Bajo mis pies. Cristóbal Dorta

Bajo mis pies. Cristóbal Dorta

 Bajo mis pies de Cristóbal Dorta. Del 15 de febrero al 11 de marzo.

De nuevo contamos en La Cámara con Cristóbal Dorta. La mirada del artista se clava en lo que nadie mira dos veces, dejando de lado la flor contrastadamente bella para fijarse en la que poco a poco va perdiendo su lozanía y transmuta hacia una muerte anunciada. Y es en la mirada, en la que la hoja que antes fue verde alcanza tonos dorados que, más efimeros, resultan tras la contemplación más pausada, enormente evocadores. Bajo las botas del caminante, la naturaleza volviendo a la tierra recupera sus colores como haciéndose a la idea de su inevitable destino y consciente, sin complejos, de que tras su turno de brillo toca ahora una etapa de descomposición y destierro. La Cámara de Cristóbal asiste al adiós sin duelo, apenas refiriendo.

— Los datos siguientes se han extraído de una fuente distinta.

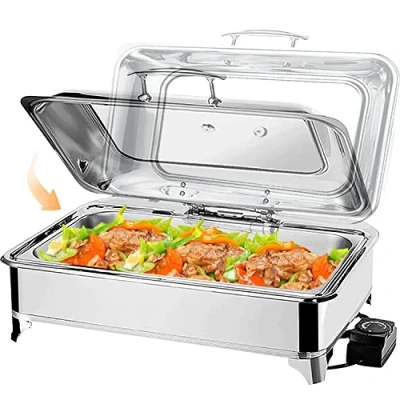 Imagen de VFDZ 9L Chafing Dish Electrico de Acero Inoxidable, Calentador Comida Comercial Temperatura Ajustable para Buffet, Buffet con Tapa Visible (Full Pan)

Bajo mis pies es un trabajo que pretende acercar o buscar el retorno de nuestro ser a nuestras raíces y al contacto con la tierra.

Nuestros mayores solían decirnos baja de las nubes y pon los pies en  la tierra.

Hoy más que nunca debemos de poner nuestros pies en el suelo con esmerada atención.

Las nuevas tecnologías, ayudadas por las grandes multinacionales y el marketing nos han llevado a, precisamente, vivir en las nubes. El zen dice «aquí y ahora», en la actualidad se dice «ahora» pero el «aquí» está a 400km.

Es por eso que necesito mostrar con mi cámara lo que piso, el entorno  que me rodea, lo que veo, huelo, siento, esa especie de toma de conciencia hace que me aleje de la parte animal para hacerme buscar la belleza. La existencia está llena de vida y muerte, pero de una misteriosa e incomprensible belleza que siempre me atrapa.

Hace poco oí decir a un fotógrafo que no le gustaba el color, aquello me chocó, porque la vida es luz y color, y es curioso lo del color, porque cuando soñamos y recordamos que lo soñado tenía color, la calidad del sueño es diferente.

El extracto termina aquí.